All lines below containing "Naperville" are to be listed.

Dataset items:

▬▬▬▬▬▬

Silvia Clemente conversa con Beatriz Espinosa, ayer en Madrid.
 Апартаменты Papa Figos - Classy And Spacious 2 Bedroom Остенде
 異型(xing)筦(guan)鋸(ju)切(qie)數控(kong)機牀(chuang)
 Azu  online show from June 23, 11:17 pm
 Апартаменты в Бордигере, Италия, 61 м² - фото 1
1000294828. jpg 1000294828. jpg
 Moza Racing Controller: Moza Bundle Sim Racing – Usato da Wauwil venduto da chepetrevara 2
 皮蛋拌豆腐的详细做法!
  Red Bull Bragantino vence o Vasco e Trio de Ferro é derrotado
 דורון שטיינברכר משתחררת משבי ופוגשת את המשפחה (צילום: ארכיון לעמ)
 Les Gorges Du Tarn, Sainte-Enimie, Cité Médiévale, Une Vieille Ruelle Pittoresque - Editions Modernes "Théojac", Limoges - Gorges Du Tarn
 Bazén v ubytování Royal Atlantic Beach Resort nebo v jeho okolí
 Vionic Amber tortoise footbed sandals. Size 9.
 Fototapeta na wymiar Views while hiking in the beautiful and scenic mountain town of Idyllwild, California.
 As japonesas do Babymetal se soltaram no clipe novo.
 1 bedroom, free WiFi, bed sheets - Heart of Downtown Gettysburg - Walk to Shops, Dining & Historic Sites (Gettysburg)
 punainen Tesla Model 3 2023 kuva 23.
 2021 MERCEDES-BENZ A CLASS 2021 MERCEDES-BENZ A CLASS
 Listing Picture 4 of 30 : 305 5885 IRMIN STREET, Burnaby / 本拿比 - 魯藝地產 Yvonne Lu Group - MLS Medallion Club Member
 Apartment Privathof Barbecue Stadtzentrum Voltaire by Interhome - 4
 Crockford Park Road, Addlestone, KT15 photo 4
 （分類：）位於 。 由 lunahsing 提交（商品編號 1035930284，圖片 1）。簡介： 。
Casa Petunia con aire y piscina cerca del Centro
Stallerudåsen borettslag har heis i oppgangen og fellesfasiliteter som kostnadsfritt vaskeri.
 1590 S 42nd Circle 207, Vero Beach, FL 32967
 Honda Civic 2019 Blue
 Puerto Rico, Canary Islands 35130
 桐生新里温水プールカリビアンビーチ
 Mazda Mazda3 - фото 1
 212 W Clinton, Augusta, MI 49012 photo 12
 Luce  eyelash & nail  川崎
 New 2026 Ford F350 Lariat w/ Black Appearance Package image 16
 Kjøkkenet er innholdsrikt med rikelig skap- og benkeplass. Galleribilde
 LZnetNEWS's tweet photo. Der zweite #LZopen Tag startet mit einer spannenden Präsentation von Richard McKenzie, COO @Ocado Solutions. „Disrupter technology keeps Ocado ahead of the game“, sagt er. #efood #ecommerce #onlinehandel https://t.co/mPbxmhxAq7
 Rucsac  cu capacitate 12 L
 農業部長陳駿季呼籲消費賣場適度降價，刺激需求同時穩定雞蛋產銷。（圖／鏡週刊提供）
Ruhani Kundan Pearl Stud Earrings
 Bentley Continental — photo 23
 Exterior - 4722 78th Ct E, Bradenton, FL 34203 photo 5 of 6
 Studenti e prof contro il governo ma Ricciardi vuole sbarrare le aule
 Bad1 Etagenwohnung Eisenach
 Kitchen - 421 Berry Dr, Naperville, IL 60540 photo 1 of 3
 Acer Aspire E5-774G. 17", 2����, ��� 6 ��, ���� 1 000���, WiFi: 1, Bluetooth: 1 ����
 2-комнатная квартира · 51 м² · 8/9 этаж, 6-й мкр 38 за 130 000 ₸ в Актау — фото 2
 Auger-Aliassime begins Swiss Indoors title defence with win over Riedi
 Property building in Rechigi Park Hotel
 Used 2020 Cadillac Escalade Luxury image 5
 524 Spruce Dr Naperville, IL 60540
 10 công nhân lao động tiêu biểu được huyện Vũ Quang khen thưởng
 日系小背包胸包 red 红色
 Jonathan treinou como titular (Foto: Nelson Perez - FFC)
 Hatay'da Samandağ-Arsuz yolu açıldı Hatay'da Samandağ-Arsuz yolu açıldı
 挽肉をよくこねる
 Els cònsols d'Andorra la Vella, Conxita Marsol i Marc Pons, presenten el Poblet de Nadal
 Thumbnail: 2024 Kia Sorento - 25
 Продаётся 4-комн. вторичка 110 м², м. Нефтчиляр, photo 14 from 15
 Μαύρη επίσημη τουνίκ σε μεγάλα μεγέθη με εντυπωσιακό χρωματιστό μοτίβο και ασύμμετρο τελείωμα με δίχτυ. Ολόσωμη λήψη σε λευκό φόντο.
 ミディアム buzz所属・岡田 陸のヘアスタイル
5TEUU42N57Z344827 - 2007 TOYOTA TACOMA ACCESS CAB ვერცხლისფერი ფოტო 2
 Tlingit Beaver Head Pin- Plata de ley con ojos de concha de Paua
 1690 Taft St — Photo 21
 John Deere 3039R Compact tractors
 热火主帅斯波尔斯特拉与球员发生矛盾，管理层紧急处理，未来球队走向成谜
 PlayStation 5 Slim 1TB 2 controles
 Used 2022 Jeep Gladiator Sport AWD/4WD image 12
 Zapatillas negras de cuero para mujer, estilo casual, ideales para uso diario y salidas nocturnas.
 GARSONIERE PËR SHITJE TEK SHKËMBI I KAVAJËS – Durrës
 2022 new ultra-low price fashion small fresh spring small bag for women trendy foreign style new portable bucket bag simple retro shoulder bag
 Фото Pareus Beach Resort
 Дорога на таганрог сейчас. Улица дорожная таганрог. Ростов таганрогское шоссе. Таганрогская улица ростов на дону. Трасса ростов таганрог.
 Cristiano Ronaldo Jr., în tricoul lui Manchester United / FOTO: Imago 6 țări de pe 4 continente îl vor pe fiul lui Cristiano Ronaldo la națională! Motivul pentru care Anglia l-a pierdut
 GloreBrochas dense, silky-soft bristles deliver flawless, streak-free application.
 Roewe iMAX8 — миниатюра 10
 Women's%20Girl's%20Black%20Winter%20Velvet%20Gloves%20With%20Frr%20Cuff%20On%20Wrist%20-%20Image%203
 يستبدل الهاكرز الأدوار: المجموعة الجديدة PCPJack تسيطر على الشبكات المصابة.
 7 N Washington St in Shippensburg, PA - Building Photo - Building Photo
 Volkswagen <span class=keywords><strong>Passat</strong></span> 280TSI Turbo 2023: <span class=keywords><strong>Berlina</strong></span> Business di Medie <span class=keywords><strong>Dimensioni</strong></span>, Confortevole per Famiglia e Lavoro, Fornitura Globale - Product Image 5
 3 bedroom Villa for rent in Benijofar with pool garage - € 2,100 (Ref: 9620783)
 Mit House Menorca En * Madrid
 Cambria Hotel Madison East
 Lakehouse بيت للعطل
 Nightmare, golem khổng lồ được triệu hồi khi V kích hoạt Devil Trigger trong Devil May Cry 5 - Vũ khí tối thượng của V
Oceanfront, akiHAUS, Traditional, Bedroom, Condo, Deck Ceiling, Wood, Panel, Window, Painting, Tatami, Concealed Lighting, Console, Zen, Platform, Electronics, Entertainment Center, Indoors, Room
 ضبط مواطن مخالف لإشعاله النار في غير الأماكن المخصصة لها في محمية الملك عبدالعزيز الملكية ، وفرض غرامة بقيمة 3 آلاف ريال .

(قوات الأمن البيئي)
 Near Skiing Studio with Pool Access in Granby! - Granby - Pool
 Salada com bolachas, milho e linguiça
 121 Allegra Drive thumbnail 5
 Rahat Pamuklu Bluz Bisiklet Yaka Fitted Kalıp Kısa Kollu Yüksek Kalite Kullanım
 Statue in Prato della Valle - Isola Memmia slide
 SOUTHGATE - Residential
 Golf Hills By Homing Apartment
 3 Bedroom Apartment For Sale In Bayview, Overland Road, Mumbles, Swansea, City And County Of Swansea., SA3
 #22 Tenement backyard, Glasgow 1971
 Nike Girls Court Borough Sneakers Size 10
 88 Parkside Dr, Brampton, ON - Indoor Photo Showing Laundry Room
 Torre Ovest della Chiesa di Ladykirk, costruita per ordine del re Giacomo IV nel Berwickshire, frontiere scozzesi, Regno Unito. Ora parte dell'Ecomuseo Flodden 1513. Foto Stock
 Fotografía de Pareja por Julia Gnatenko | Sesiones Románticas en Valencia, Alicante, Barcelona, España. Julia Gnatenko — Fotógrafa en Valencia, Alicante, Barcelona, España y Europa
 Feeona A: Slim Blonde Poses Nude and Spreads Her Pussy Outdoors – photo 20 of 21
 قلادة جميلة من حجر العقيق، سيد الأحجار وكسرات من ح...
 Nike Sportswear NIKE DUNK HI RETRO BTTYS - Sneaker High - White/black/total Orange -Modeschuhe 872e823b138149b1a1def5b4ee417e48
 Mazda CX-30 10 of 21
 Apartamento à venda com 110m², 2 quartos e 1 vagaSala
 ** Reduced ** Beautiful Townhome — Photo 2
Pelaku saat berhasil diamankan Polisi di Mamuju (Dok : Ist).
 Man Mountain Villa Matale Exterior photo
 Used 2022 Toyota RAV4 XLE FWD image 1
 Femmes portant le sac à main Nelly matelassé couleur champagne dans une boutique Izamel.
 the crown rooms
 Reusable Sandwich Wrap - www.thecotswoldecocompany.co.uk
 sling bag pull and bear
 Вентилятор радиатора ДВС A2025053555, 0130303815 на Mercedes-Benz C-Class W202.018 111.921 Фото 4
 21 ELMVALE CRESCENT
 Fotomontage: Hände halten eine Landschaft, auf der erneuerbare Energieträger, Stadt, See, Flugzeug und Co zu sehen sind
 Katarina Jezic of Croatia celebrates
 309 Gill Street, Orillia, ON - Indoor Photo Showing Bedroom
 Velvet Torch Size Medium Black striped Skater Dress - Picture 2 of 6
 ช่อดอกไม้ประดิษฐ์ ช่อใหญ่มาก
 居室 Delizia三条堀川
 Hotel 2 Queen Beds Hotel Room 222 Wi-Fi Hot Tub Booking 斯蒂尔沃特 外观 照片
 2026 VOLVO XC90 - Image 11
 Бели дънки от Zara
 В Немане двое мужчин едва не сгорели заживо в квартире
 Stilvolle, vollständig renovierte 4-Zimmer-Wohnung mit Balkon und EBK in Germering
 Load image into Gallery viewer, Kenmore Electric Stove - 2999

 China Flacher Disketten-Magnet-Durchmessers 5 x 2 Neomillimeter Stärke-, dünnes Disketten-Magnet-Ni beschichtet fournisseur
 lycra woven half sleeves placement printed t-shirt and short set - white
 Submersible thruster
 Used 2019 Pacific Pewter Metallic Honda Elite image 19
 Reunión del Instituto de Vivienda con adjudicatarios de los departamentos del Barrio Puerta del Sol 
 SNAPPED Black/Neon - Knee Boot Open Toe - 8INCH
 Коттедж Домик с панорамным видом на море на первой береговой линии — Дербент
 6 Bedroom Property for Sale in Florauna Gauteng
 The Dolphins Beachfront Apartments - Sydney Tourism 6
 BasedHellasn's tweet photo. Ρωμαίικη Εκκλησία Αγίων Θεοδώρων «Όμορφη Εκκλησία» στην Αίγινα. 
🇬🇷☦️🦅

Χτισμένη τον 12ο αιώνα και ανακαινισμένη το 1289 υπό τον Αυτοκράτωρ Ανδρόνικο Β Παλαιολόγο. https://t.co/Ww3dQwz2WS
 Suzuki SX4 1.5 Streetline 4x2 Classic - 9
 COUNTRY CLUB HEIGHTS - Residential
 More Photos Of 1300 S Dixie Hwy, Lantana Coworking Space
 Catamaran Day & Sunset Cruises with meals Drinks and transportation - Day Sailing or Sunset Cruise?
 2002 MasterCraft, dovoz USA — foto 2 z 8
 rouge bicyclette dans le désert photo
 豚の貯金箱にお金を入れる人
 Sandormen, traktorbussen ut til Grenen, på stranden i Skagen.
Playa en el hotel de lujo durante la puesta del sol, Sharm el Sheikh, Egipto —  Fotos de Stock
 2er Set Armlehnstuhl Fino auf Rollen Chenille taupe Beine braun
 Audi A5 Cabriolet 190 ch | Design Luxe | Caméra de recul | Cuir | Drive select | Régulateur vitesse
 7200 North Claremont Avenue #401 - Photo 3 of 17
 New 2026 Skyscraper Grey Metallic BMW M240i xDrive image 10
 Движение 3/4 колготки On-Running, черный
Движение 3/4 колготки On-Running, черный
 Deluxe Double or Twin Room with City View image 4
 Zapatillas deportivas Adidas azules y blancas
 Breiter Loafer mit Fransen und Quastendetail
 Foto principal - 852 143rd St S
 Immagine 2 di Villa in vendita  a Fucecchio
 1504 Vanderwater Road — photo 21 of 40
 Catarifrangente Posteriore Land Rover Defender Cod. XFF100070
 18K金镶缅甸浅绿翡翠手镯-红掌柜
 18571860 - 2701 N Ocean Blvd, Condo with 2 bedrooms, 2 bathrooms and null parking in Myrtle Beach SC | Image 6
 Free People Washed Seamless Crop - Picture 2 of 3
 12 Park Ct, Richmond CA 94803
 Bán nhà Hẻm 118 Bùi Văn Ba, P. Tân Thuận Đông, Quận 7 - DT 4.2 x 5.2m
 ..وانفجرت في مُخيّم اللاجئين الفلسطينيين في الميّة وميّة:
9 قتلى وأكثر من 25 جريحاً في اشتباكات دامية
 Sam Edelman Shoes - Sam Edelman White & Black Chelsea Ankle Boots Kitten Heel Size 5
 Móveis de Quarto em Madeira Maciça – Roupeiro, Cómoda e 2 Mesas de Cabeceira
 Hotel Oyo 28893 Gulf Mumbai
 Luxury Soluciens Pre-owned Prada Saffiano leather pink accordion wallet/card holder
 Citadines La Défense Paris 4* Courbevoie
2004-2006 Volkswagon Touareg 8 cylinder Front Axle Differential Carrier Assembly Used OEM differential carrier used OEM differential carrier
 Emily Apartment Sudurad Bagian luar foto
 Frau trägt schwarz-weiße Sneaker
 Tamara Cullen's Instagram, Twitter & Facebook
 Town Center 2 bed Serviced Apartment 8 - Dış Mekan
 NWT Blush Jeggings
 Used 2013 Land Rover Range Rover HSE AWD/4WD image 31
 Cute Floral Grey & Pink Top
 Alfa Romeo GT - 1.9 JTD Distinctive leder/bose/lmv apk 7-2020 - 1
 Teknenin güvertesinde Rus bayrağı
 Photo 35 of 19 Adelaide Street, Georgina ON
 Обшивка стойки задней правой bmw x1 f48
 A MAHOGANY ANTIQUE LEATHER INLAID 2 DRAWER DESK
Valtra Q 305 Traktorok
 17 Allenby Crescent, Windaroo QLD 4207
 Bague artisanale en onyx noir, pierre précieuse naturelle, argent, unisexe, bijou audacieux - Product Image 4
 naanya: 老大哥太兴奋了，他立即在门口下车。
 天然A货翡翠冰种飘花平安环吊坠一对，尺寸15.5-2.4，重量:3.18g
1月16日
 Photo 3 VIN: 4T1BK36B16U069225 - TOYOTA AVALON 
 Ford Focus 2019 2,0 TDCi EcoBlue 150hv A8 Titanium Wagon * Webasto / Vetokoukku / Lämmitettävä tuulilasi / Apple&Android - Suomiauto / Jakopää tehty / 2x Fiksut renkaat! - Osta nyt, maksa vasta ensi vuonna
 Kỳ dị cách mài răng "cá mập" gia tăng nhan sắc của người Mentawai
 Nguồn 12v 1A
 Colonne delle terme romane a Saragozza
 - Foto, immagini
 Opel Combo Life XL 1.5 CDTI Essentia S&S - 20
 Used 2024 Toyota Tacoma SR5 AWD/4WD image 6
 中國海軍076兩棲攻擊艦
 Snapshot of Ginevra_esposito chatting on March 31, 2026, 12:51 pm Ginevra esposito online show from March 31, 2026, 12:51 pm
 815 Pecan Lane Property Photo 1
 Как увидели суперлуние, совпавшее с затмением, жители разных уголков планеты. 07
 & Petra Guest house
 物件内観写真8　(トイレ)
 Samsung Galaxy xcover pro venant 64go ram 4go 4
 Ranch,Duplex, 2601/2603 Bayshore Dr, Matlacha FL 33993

▬▬▬▬▬▬

#### [Task response]
 Kitchen - 421 Berry Dr, Naperville, IL 60540 photo 1 of 3
 524 Spruce Dr Naperville, IL 60540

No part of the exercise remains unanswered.